Every time a probabilistic method is used, a different outcome is generated. For these methods it is often recommended that a seed be set for the random number generator if you want to produce replicable results. The seed is used to initialize the random number generator used for probabilistic methods. In sdcApp, the seed can be set to any integer value from 0 to 500. To select a value, you can click with the mouse pointer on the slider and use the arrow keys (left and right or up and down) to select an exact value. In Fig. 27 the seed is set at 388.

Note

In order to replicate exact results when using probabilistic methods, the order in which the methods are carried out influences the results. Therefore, besides the seed, also the order of the operations needs to be the same. The seed changes when used in the random number generator. When the undo button is used (see ), the seed is not reset to the value prior to the reverted step.

Summary view

After setting up the SDC problem, the application jumps automatically to the summary view of the Anonymize tab. When an SDC problem is available, the Anonymize tab provides a summary of the SDC problem and allows to apply anonymization methods.

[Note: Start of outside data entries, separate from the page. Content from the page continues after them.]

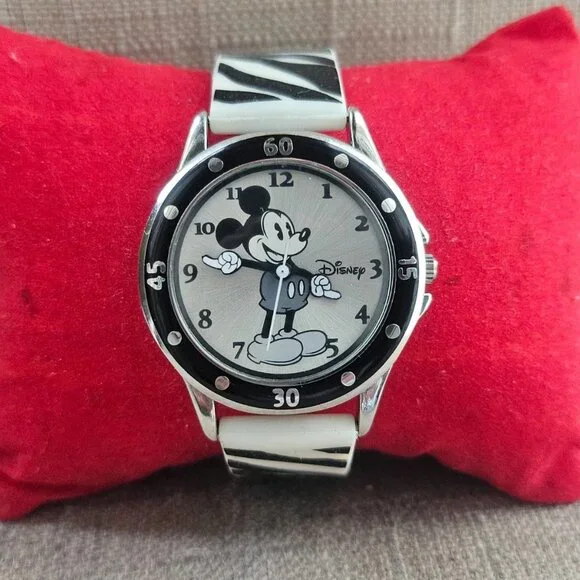 Disney Minnie Mouse Wristwatch White Rubber Band Analog Wrist Watch Accutime - Picture 3 of 11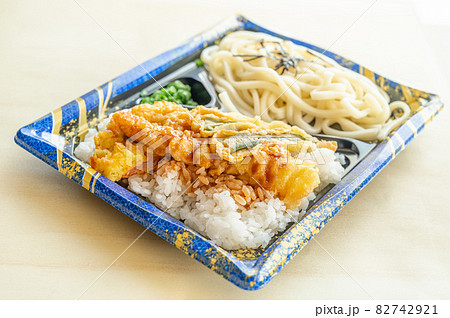天丼とざるうどんのお弁当 天丼とざるうどんのお弁当 82742921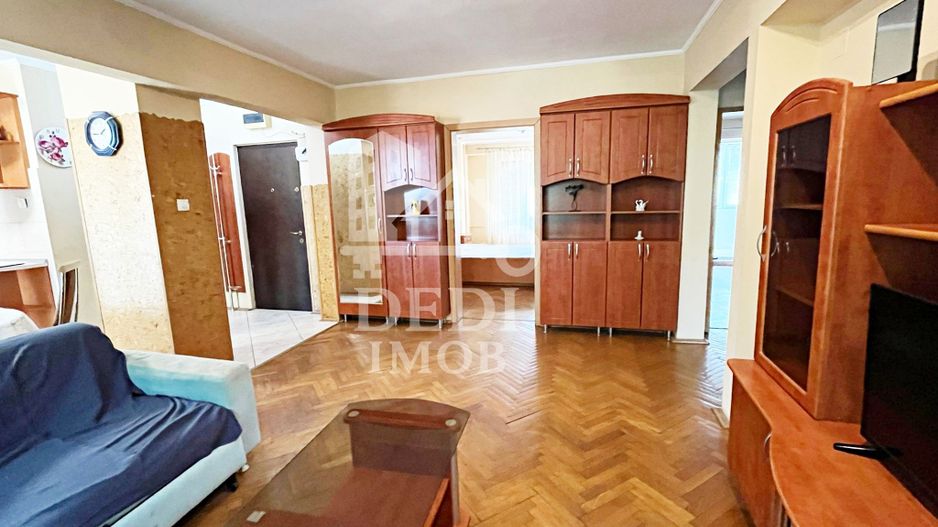 Apartament cu 4 camere de inchiriat, zona Cantemir, Oradea - Poză 1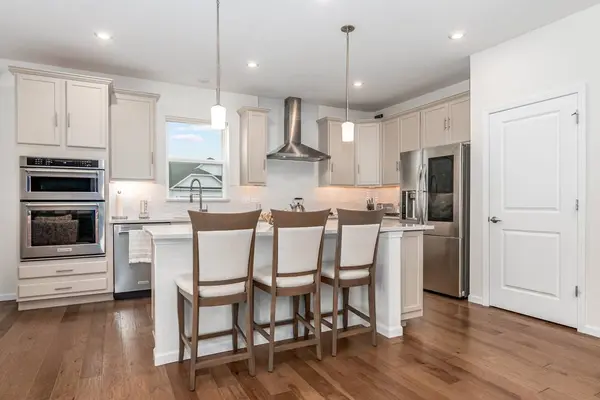 2089 Samantha Joy LN, Bolingbrook, IL 60490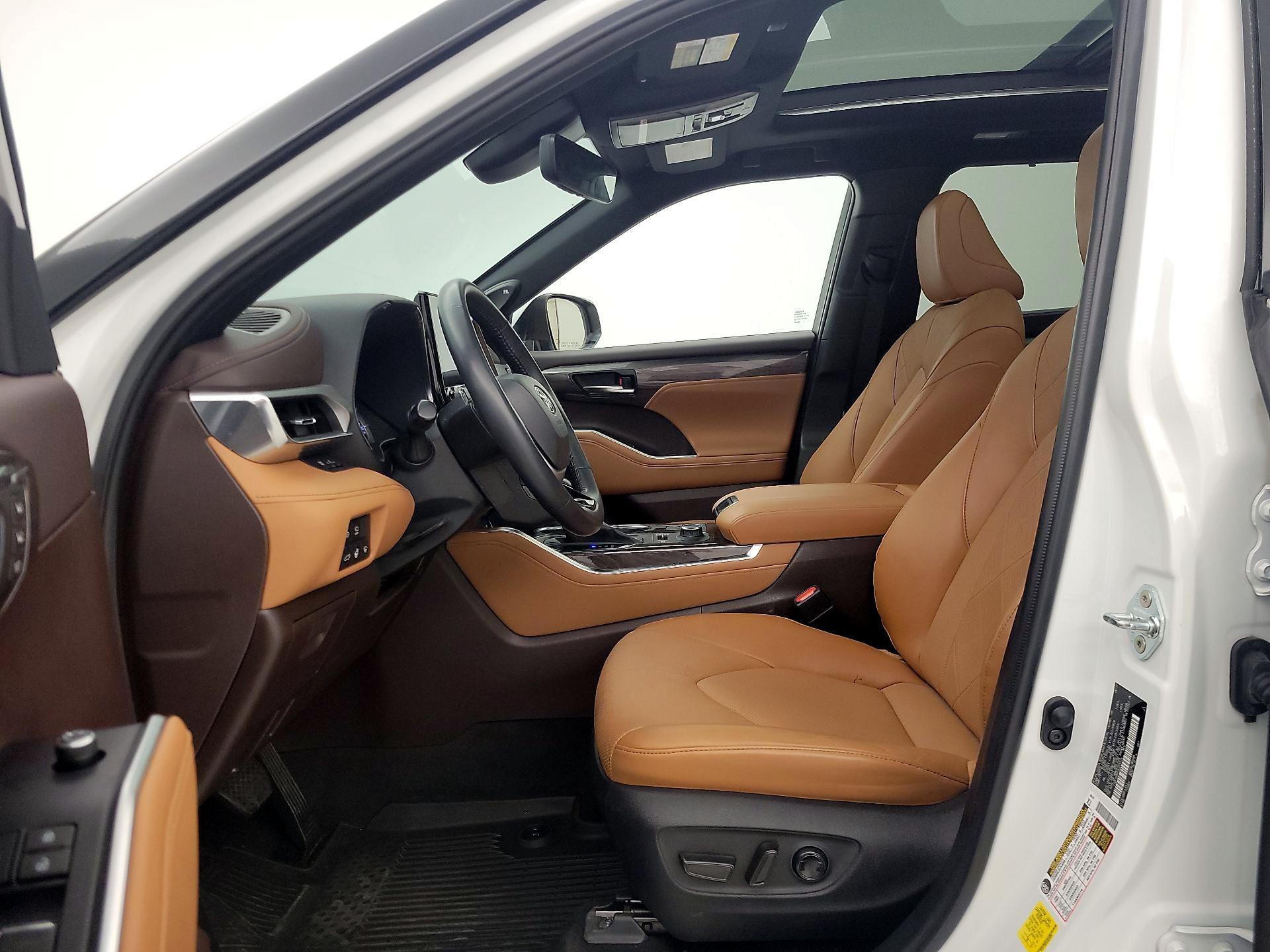 Thumbnail: 2022 Toyota Highlander - 11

This tab first shows a Summary overview of the problem. The content of the summary page varies with the SDC problem. For example, if no numerical key variables were selected, the information on numeric key variables is omitted. Fig shows the summary page.

Note

Once the SDC problem is set up, it is possible and highly recommended to save the SDC problem. By saving the SDC problem, you can reload the problem including the preparation steps and variable selection in case of issues with sdcApp or to revert to this ‘clean’ state without any methods applied in order to compare several methods.

Note

If you would like to change the variable selection after setting up the SDC problem, click the red button [add png]. By doing so, you need to respecify the full variable selection.